[Scraped caption text data]
◇ ◇ ◇ ◇
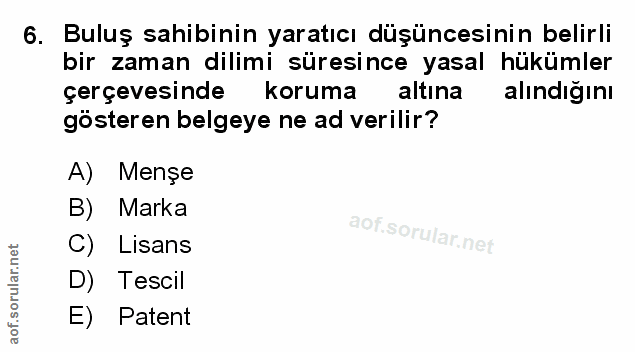 6. soru: Buluş sahibinin yaratıcı düşüncesinin belirli bir zaman dilimi süresince yasal hükümler çerçevesinde koruma altına al…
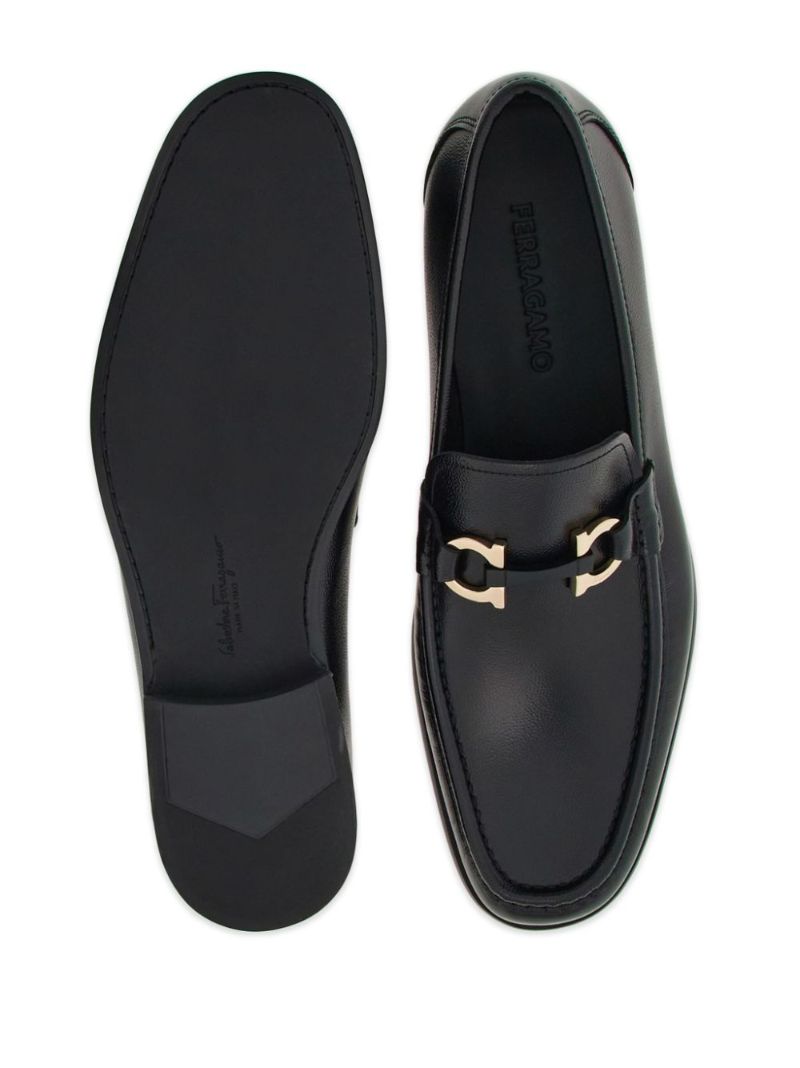 Black Gancini-plaque Leather Loafers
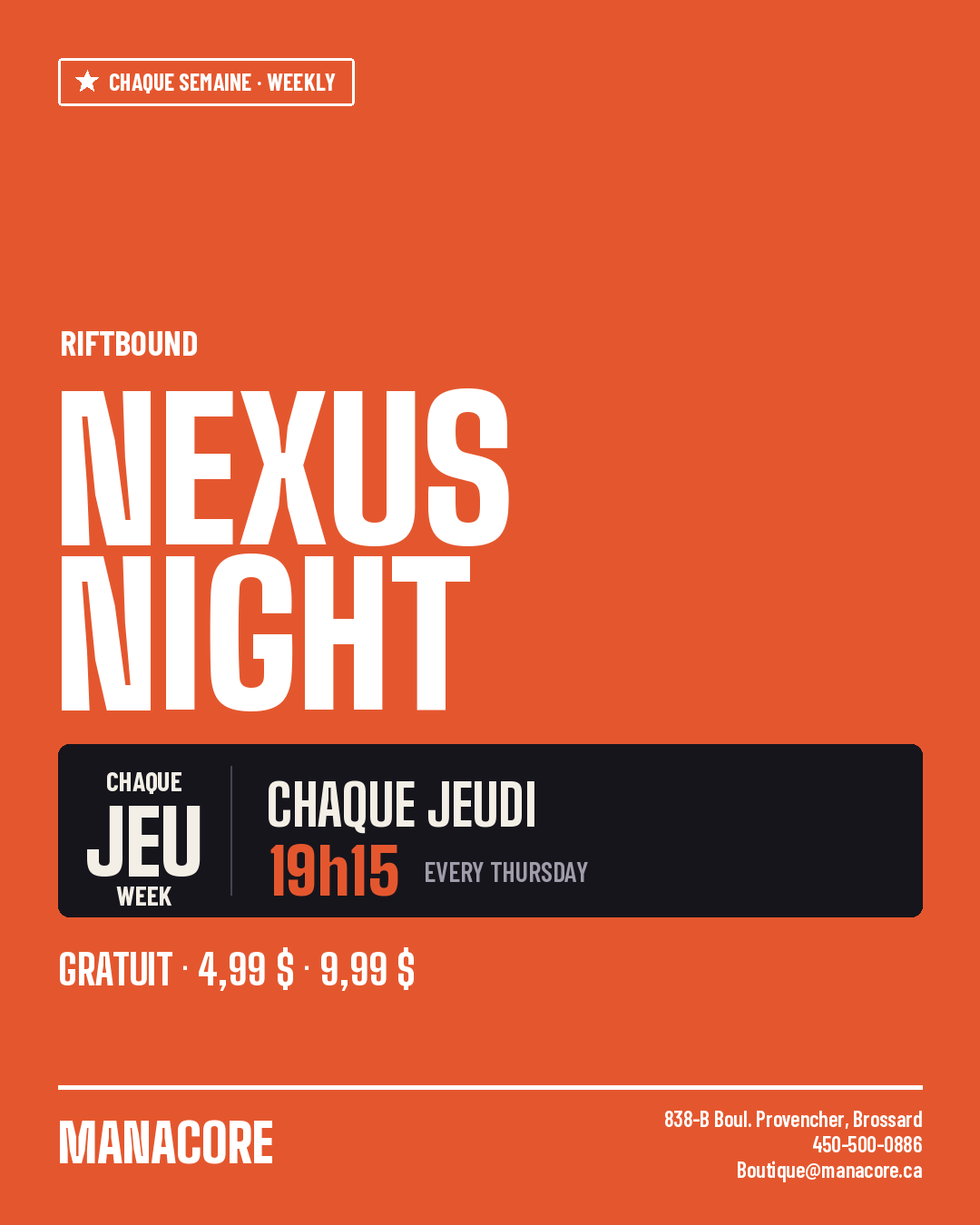 Weekly - Jeudi - Riftbound - Nexus Night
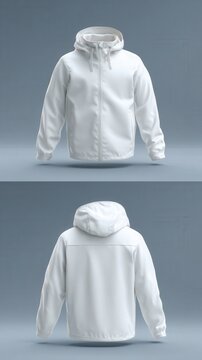 Stunning photo of blank white windbreaker jacket mockup, front and back view.
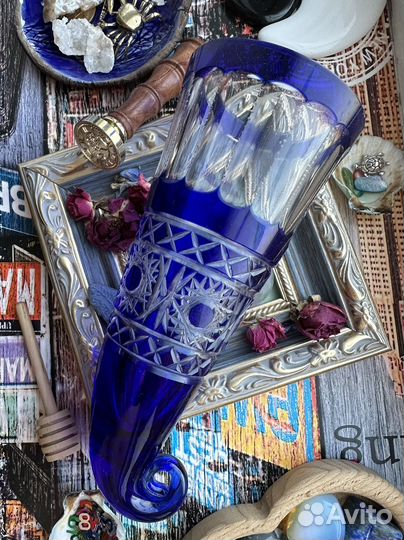 Винтажный хрусталь (рог кобальт 18 см)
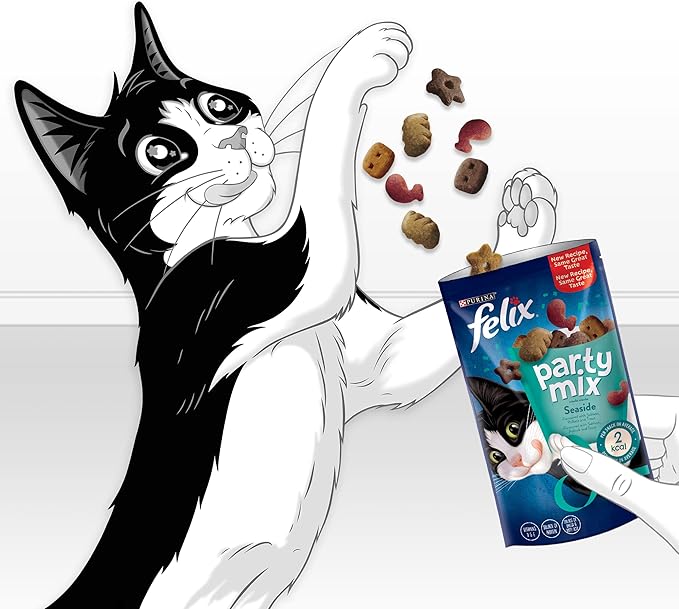 Felix Goody Bag Picnic Mix Adult Cat Treats Seaside Mix, Pack of 8 x 60 g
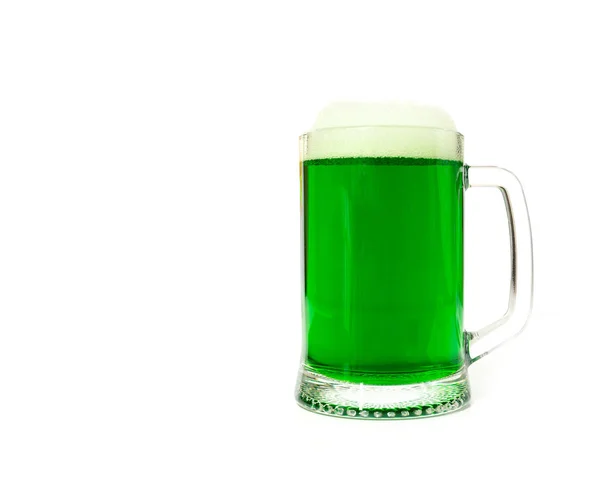 One Glass Green Beer Beer Feast Patrick Day — Stock Photo, Image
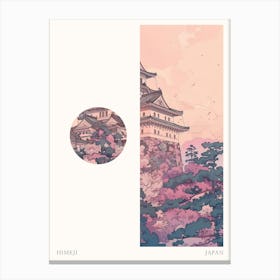 Himeji Japan 2 Cut Out Travel Poster Canvas Print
◇ ◇ ◇ ◇
■ **WORK REQUEST**:
Leave out the pictures and copy exactly the lines from the one with "Felix Goody Bag" through the last line of the records above.

■ **OUTPUT**:
 Felix Goody Bag Picnic Mix Adult Cat Treats Seaside Mix, Pack of 8 x 60 g
 One Glass Green Beer Beer Feast Patrick Day — Stock Photo, Image
 Himeji Japan 2 Cut Out Travel Poster Canvas Print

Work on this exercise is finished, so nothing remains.